PANAMENO: You know, over 50 percent of marriages end in divorce. If such an event were to happen, Ms. McCall would end up in a worse situation after a divorce, being in a deeper hole with credit that she wouldn't necessarily be able to pay because she hasn't had income.

MARTIN: So, Holly, last week you delivered a petition to the Consumer Federation Protection Bureau. You actually met with the director, Richard Cordray. Do I have that right? [POST-BROADCAST CORRECTION: the Consumer FINANCIAL Protection Bureau]

MCCALL: Yes. Yes, that's right.

MARTIN: How did that meeting go?

MCCALL: I thought it was a very productive and positive meeting.
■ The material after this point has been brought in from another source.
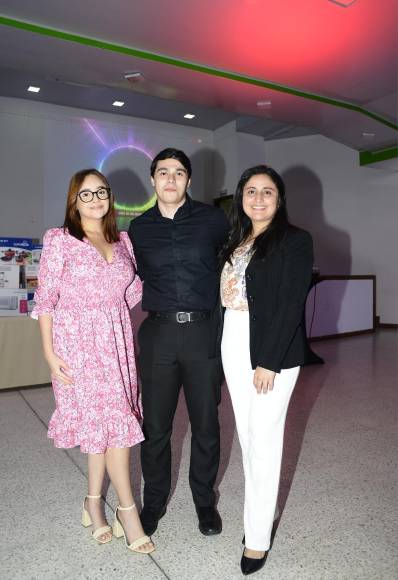 Sara Sabat, Denis García y Lesy Ulloa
He and his staff met with us and heard our concerns and we discussed with a very good collaborative effort what we thought could be potential solutions or how we need to evaluate the scope of this problem. And his staff has taken that away and in a month they're going to let us know what they think they potentially could do about this problem.

MARTIN: What can they do? I mean, it's interesting just listening to the two of you. You're both - you and Aracely are both intelligent, thoughtful women, parents with your own life experiences that you're bringing to bear and I'm guessing that people listening to this conversation are kind of changing sides, depending on where they are in this conversation. I'm just wondering, what would be the middle ground here?

MCCALL: I think giving the credit card companies, who really are the experts at assessing the credit risk and the ability to repay, the leeway to consider the household income for certain individuals would be fair and what that looks like, I think, is something that we'll have to wait and see.

MARTIN: But, so for you, this feels as though you are disempowered to speak on behalf of your household. You're not being recognized as an equal partner in the household because the income that is earned for the household is not earned by you?

MCCALL: Right. We made the decision that our household could function comfortably with the single income and, when we made that decision, there wasn't this clause where I couldn't use my household income and now I feel that that decision is being devalued because I'm not able to speak as a member of the household when it comes to credit now.

MARTIN: Aracely, though, does the perspective of the government - or this regulation and how it's being interpreted - isn't this undermining of the whole concept of marriage? I mean, you know, the vows, as I understand, are for better, for worse, for richer, for poorer, in sickness and in health. I mean, why isn't this undermining of the whole concept?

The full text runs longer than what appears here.